You don’t make resolutions when you’re serious about self improvement. Resolutions are elementary school writing assignments: “Write 500 words on your New Year’s Resolutions and how plan to accomplish it.” They’re topics of discussion designed to allow ”doctors” to come on Good Morning America and The Today Show to talk about losing weight, as if they don’t already freature enough gimmicky weight loss segments.
No, resolutions don’t work any more than diets. The change you want to see may come about quickly, but it won’t last.
When you’re serious about making a change, you don’t serach for the get-rich-quick-scheme of self improvement. You make a commitment to something; you make it a lifestyle choice.
Like 99 percent of the world, I’ve made attempted lifestyle changes in the past, and like 99 percent of that percent, I’ve struggled and failed. And again, like 99 percent of that 99 percent I’ve gotten back on the horse because I know that a lifestyle change isn’t something that works overnight, nor is it something that gets derailed overnight. I’ve fallen off the bandwagon on some these attempted changes for long periods of time, and it’s never really concerned me: “I’ll jump back on next week” I’d say… no big deal. Part of this non-chalance has come from the fact that I’ve always remained active as an athlete and runner, and because of that when I did fall off the bandwagon on living healthier, the physical effects of that were not always quick to come about. My activity level allowed me to fool myself that what I was doing was okay, I was a believer that “if the furnace is hot enough it will burn anything as fuel.”
True… maybe, but that doesn’t mean it’s not gunking up the engine.
Over the last three weeks I’ve had a terrifying, and terrifyingly close, view of just what happens when the engine gets gunked up.
While the timing of this eye-opening happened to be right at the turn of the New Year, I assure you that what I’m making here is not a resolution, but a commitment. It’s a commitment to putting the right things in my body far more often - whole, unprocessed foods and H2O - while leaving the wrong things on the shelves in the grocery store more - Oreos and anything containing primarily ingredients that I can’t pronounce. I’m not going to eliminate a hearty plate of nachos or a pitcher of beer, or even diet soda completely, but I am going to consider everything I put in more closely than I ever have before.
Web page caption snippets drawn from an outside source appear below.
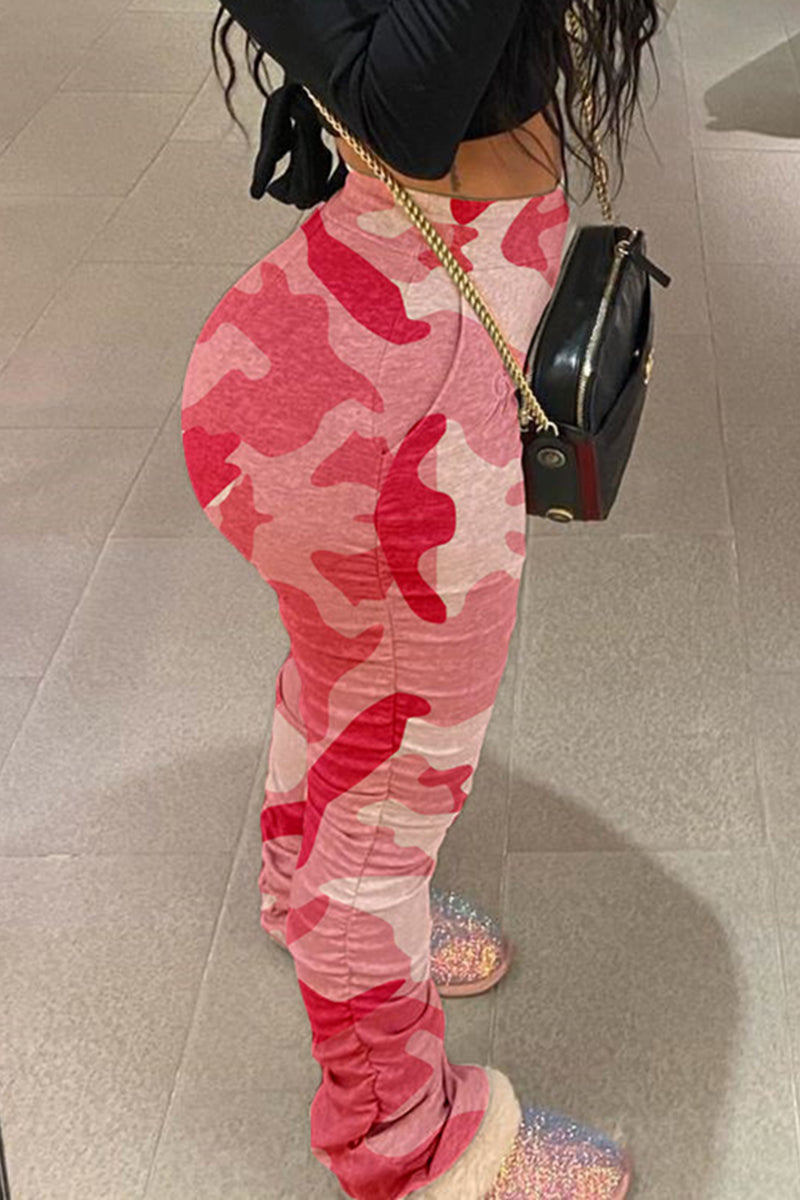 Plus Size Colorful Camouflage Wrinkled Pants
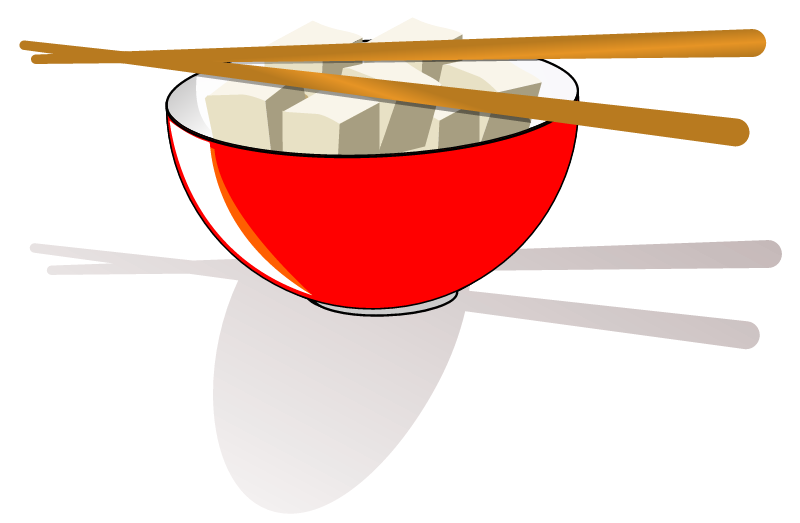 Red Bowl of Tofu with Chopsticks & Shadows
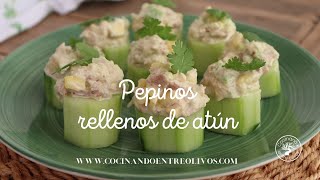 Pepinos rellenos de atún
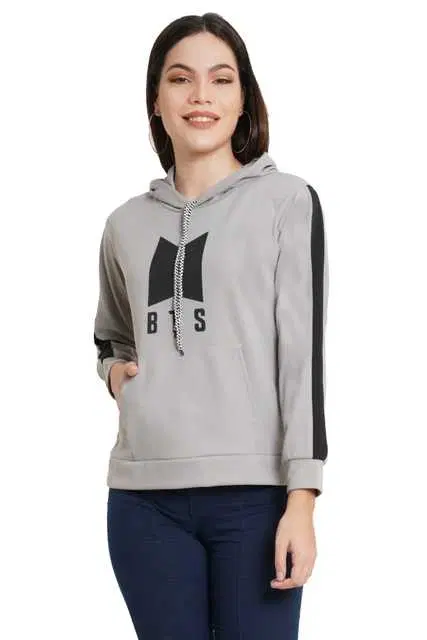 Women's Stylist Hooded Sweatshirt (Grey, M) (F-10)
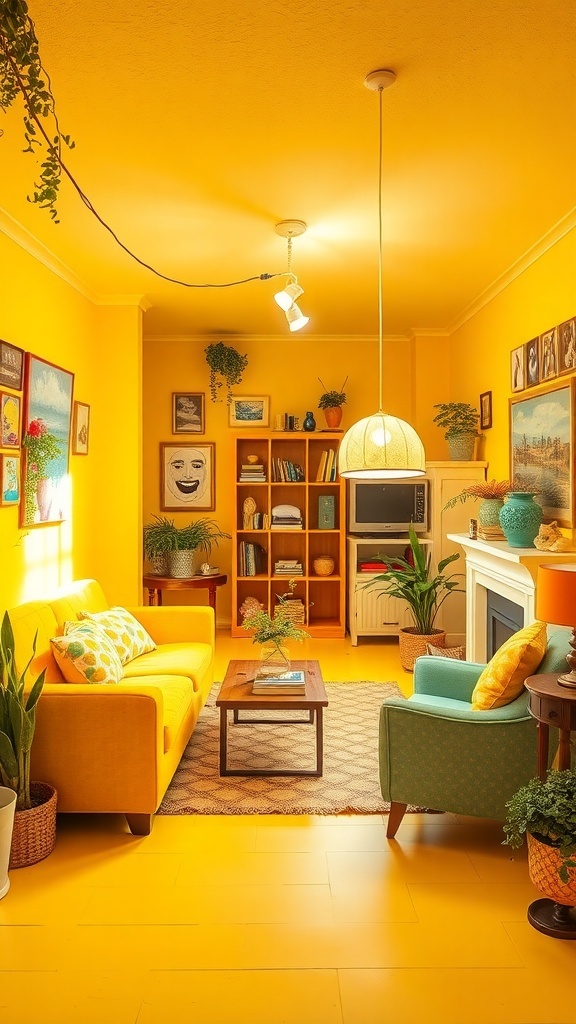A bright and cheerful basement painted in sunshine yellow with cozy furniture and plants.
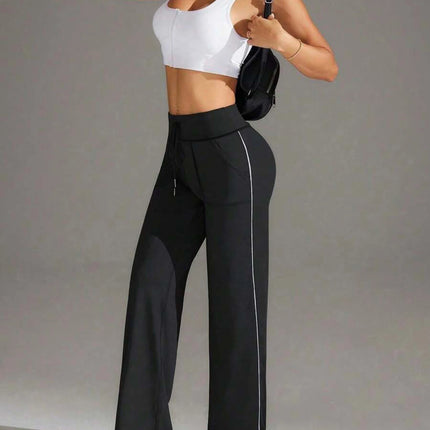 High Waist Straight Leg Casual Wide Leg Pants Side Stripe Sports Loose Slimming Yoga Trousers European Style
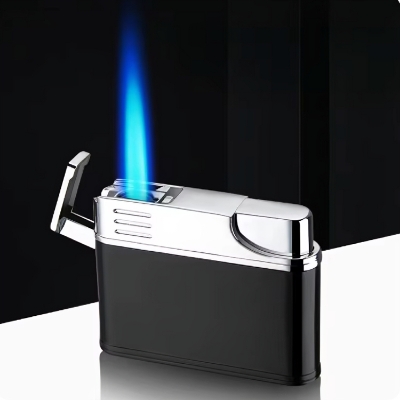 Picture of New Inflatable Gas Metal Lighter Outdoor Windproof Barbecue Kitchen Cigar Large Firepower Lighter Men's High End Gifts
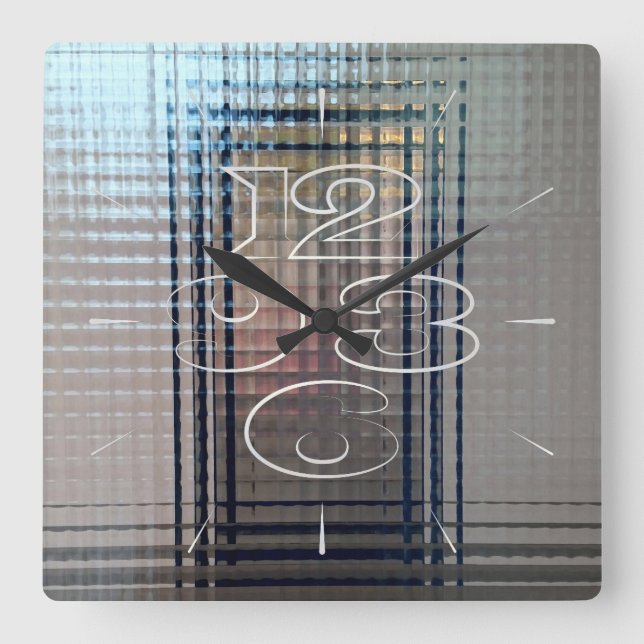 Through glass doors square wall clock (Front)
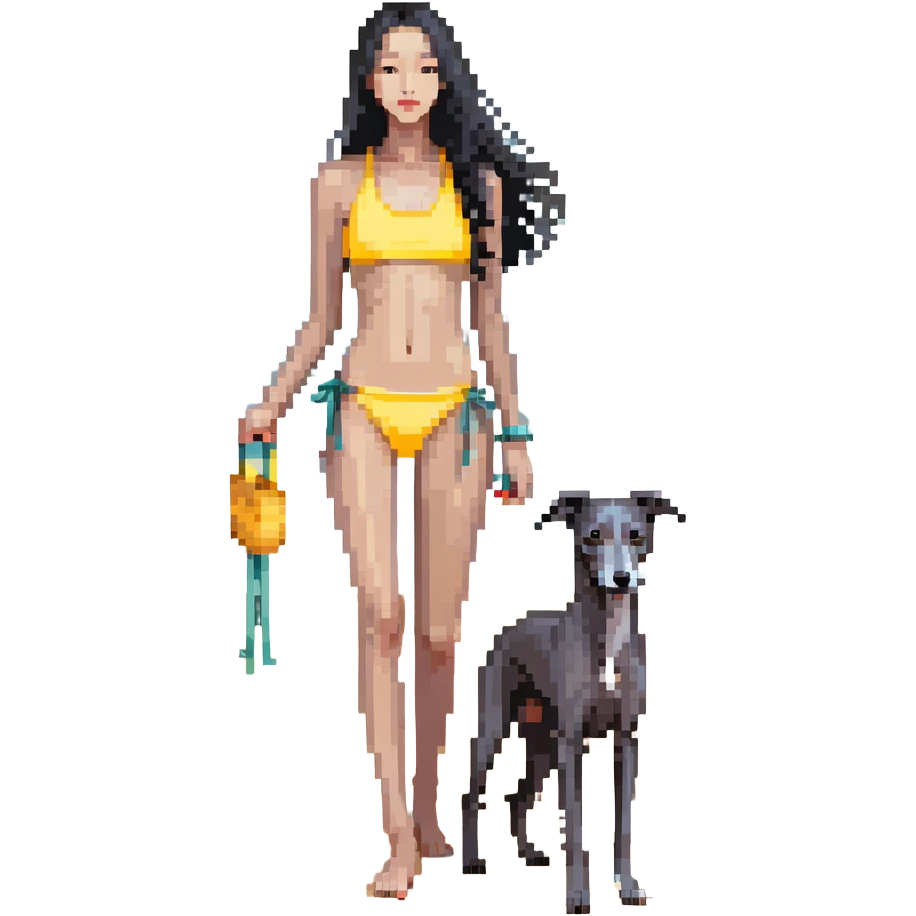 Slim Chinese woman with long black hair in appropriate beach attire at the beach with her completely solid grey Italian greyhound, ocean and sand visible, the dog has absolutely no white markings anywhere emoji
And this doesn’t mean starving myself either, it means putting as much of the good stuff in as I crave, with the caveat being that the stuff I do keep putting in is in fact the good stuff.
Will this all lead to weight loss? I’ve no doubt that it will. But, that’s not the goal. For that to be the goal would be too short-sighted, and would leave in a few short months right alongside all those resolution-makers, wondering what went wrong and why I’m already back to my old ways.